We are deploying an update to our main application in production. The update has been tested in QA and it looks good to go. Our client wants to do a test in production. For that case, we will run the application using "test data" in production and once the test has been finished, we will delete the "test data".
A couple of server admins are against this because "test data doesn't belong to production". I think it's OK since the QA server and the production server have different hardware and the databases house different applications (QA has more databases, production is dedicated). Besides that, are there other facts that I can use to back my opinion?
EDIT: adding context
The application is a tool that automates the reception and validation of data. We receive the files via email and this tool automatically validates them and imports them to the database. We have a BI system that creates reports using this information (excel files are received by email, then validate, then reports/views come out, all this automated).

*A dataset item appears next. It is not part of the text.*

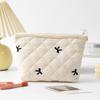 Corduroy Colourful Striped Women Cosmetic Bag Large Small  Makeup Storage Bag Travel Organizer Zipper Drawstring Wash Bag Pouch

The "test data" would be old files (good and bad files from previous efforts) that represent true data (actually it is true data but with problems or just too old).
Yes! But manual usage of test data in production does not sound like a good idea to me as it cannot be controlled or monitored. My answer below is assuming the test data is used for automated testing.
Test data in production is "todays" need. This was not a requirement back then when automated testing was not a requirement(or did not exist). So in general this will be frowned upon. Security is the main reason. Its impact in messing up site analytics is another reason. These are genuine and good reasons.
One cannot decide one day to simply put test data in production especially towards the end of project. This needs to be made a requirement from the time development starts. So the test data needs to be there in production from the very first deployment onwards. And its impact needs to studied and documented. Organization as a whole need to understand it's benefit and impact.
Test data needs to be divided based on it's type,need or context. eg: Retrievable test data and editable test data. First step would be to have Retrievable(read only-never changes) test data available. Perhaps this is farthest we could go in many case, still would provide good results. And creation of this read only test data needs to be automated and preferably documented.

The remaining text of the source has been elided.